The Medicine Bow Mountains have a core of Precambrian rocks. They contain the boundary, the Cheyenne Belt, between the Wyoming Province to the NW and the accreted Proterozoic continental crust to the SE (Karlstrom and Houston 1984). The Wyoming Province consists of Archean rocks that are locally intruded and (or) overlain by rocks of Proterozoic age, including the lithologies present in the West Glacier Lake drainage basin. (1)

Among the “certainties” (see yesterday) most present in Texas, (2) is the certainty that the Earth is "young," between 6,000 and 10,000 years old. Enough said. I’m not entering a debate that should have ended in Appalachia in Tennessee in 1927 along with Prohibition. What a time of certainty that was: the state said the Bible was literally true and federal law told Americans what [not] to drink. The backwoods folk of Tennessee demanded strict adherence to one legal certainty while freely and proudly flouting the Constitution regarding the other. Creationism and moonshine. What a combination!

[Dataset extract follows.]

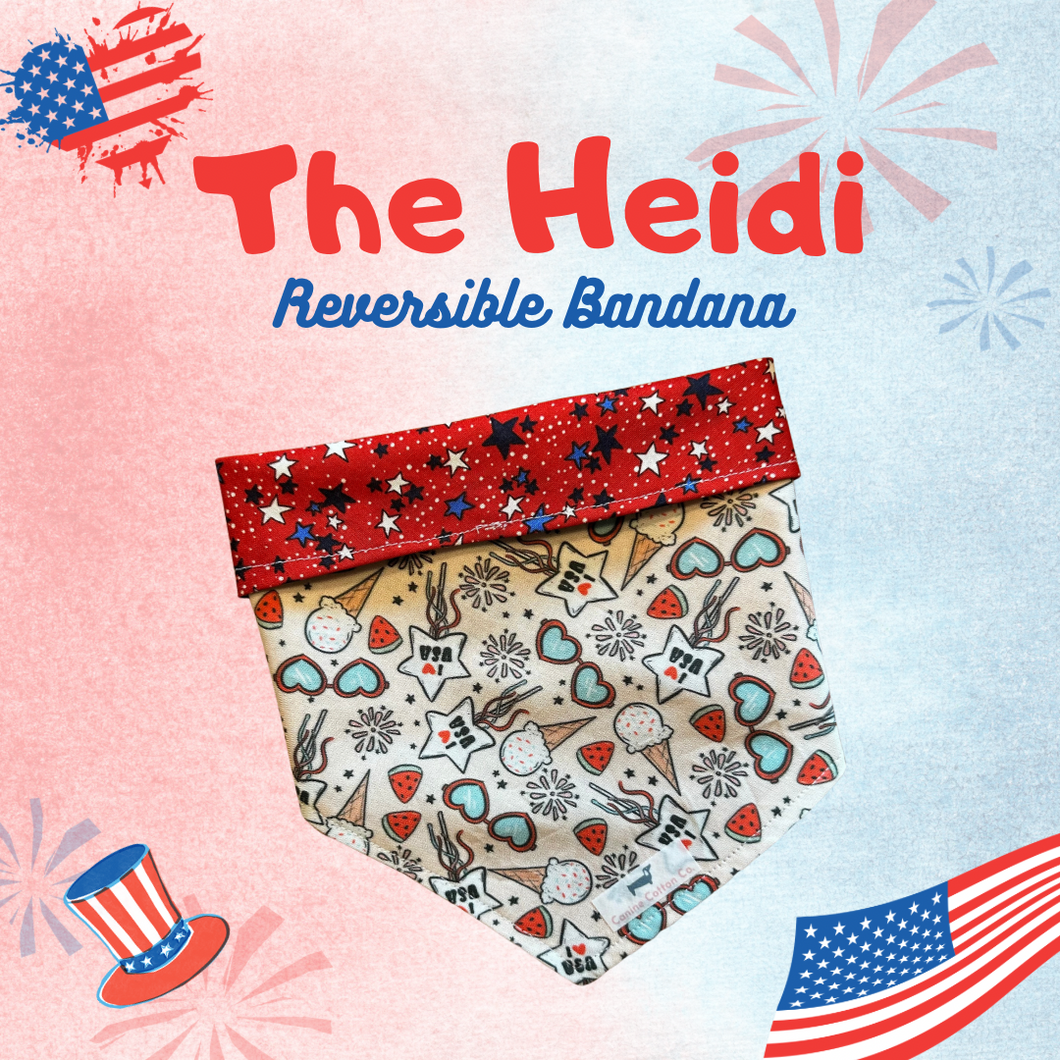 The Heidi Reversible Bandana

If people want to be stupid and drunk, that’s not my concern. They need a seizure or two.

Back to the Precambrian: it comprises most of the history of our little planet.

Nearly 4 thousand million years passed after the Earth's inception before the first animals left their traces. . . . the Precambrian. . . makes up roughly seven-eighths of the Earth's history. . . .the most important events in biological history took place. . . Earth formed, life arose, the first tectonic plates arose and began to move, eukaryotic cells evolved, the atmosphere became enriched in oxygen—and. . . .multicellular organisms, including the first animals, evolved. (3)

Overwhelming! Life didn’t come along, apparently, until the planet was four thousand million years old. How old is that, anyway?

ROSENCRANTZ: It could go on for ever. Well, not for ever, I suppose… I wouldn't think about it, if I were you. You'd only get depressed. (Pause.) Eternity is a terrible thought. I mean, where's it going to end? (4)

I like to think about the Precambrian core of rocks overlain by rocks of Proterozoic age (part of the rising and movement of those tectonic plates) of the Medicine Bow Mountains of Wyoming. It is not a terrible thought (perhaps because it’s not eternity; even Psalm 46 seems to think that's possible: "Therefore we will not fear though the earth should change, though the mountains shake in the heart of the sea."). Rudolf Otto helps me think about the phenomenon. He recalls Abraham’s saying to God in Genesis, 'Behold now, I have taken upon me to speak unto the Lord, which am but dust and ashes.' This, Otto says is

a self-confessed 'feeling of dependence', which is yet at the same time far more than, and something other than, merely a feeling of dependence. Desiring to give it a name of its own, I propose to call it 'creature-consciousness' or creature-feeling. It is the emotion of a creature, submerged and overwhelmed by its own nothingness in contrast to that which is supreme above all creatures. (5)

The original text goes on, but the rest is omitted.